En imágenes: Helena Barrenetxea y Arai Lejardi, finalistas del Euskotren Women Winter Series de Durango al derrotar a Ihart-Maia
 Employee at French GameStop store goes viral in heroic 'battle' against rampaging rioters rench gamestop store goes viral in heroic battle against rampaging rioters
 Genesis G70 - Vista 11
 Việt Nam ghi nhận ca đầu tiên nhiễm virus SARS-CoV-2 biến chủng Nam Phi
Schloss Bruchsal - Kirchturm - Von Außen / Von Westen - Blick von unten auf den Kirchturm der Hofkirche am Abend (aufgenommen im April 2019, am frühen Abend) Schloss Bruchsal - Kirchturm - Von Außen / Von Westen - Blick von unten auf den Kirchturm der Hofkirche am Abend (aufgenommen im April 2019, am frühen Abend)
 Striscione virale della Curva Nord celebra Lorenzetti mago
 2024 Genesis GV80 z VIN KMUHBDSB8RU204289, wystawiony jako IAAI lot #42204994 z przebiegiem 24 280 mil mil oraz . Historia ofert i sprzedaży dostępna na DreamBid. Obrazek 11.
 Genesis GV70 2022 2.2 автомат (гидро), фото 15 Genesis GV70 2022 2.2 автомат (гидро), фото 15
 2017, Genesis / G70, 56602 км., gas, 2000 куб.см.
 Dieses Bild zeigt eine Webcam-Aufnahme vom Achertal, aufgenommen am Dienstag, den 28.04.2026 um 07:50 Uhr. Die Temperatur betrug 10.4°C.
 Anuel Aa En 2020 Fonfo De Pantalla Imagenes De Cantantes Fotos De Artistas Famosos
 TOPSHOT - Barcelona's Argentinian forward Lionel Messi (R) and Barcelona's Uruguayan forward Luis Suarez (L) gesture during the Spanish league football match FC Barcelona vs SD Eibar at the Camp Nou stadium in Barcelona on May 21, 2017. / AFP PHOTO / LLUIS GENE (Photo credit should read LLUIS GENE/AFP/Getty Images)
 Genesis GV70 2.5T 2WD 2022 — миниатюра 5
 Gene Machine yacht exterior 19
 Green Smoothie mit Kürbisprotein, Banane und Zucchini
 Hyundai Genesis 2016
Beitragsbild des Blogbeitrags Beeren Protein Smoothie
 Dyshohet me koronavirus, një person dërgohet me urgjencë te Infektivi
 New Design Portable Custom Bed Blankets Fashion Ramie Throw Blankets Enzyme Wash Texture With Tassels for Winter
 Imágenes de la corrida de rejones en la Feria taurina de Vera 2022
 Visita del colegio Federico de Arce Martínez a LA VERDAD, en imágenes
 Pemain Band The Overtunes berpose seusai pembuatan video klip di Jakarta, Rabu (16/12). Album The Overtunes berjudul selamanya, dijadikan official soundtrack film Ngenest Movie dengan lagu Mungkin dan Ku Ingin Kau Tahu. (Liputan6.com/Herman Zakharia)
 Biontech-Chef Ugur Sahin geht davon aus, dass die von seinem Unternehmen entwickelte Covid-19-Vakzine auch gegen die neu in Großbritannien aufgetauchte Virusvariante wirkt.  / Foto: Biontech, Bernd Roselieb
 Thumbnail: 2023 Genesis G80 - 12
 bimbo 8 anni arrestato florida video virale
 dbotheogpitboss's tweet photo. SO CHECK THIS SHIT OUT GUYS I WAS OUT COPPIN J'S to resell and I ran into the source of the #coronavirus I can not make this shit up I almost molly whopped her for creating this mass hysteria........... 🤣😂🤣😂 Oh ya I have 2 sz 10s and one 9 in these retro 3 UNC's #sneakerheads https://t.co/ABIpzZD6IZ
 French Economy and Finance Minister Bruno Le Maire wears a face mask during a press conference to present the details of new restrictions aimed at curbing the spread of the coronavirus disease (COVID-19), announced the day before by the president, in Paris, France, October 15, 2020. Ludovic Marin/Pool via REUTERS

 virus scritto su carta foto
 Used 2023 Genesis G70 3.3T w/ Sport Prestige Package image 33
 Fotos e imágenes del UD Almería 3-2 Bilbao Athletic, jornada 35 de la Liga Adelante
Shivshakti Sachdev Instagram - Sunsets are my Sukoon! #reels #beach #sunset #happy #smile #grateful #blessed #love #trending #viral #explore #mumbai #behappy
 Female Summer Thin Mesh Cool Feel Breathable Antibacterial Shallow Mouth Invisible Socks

━━━━━━━━━━━━━━━━━━━━━━━━━━━━━━

Please reproduce exactly the lines in the listing above from the one containing "Fotos e imágenes" through the one containing "Shivshakti Sachdev Instagram", both included, and nothing more.

 Fotos e imágenes del UD Almería 3-2 Bilbao Athletic, jornada 35 de la Liga Adelante
Shivshakti Sachdev Instagram - Sunsets are my Sukoon! #reels #beach #sunset #happy #smile #grateful #blessed #love #trending #viral #explore #mumbai #behappy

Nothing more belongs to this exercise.